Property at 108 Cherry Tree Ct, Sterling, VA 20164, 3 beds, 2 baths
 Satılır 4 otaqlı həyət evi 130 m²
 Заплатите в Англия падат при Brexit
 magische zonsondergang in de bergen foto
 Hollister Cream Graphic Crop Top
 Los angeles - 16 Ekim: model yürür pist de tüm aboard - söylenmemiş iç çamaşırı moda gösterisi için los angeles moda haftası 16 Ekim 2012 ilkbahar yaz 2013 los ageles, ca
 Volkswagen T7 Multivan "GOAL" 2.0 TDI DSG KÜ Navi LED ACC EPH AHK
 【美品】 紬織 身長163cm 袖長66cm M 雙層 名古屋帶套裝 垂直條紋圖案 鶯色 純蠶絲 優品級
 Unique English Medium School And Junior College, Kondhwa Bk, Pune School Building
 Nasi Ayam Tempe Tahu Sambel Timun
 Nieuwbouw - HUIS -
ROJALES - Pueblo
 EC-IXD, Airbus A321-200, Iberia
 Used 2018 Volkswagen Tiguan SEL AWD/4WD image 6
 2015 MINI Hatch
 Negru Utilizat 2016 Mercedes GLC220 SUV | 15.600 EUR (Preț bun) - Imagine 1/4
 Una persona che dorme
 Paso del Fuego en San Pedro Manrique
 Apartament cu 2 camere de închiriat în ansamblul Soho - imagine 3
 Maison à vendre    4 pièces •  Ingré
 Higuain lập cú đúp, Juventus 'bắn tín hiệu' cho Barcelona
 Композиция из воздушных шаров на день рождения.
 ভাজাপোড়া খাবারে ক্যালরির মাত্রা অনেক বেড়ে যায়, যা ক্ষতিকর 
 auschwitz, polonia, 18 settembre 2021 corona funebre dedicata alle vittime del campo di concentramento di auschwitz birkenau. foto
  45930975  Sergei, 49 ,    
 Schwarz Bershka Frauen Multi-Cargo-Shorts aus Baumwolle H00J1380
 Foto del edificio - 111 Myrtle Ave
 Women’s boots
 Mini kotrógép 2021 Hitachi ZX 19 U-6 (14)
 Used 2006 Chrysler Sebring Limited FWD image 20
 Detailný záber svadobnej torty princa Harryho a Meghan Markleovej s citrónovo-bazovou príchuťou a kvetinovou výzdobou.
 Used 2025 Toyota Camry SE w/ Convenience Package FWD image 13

YOUR INSTRUCTIONS: Show each line of the material holding "Volkswagen".

WRITTEN REPLY:
 Volkswagen T7 Multivan "GOAL" 2.0 TDI DSG KÜ Navi LED ACC EPH AHK
 Used 2018 Volkswagen Tiguan SEL AWD/4WD image 6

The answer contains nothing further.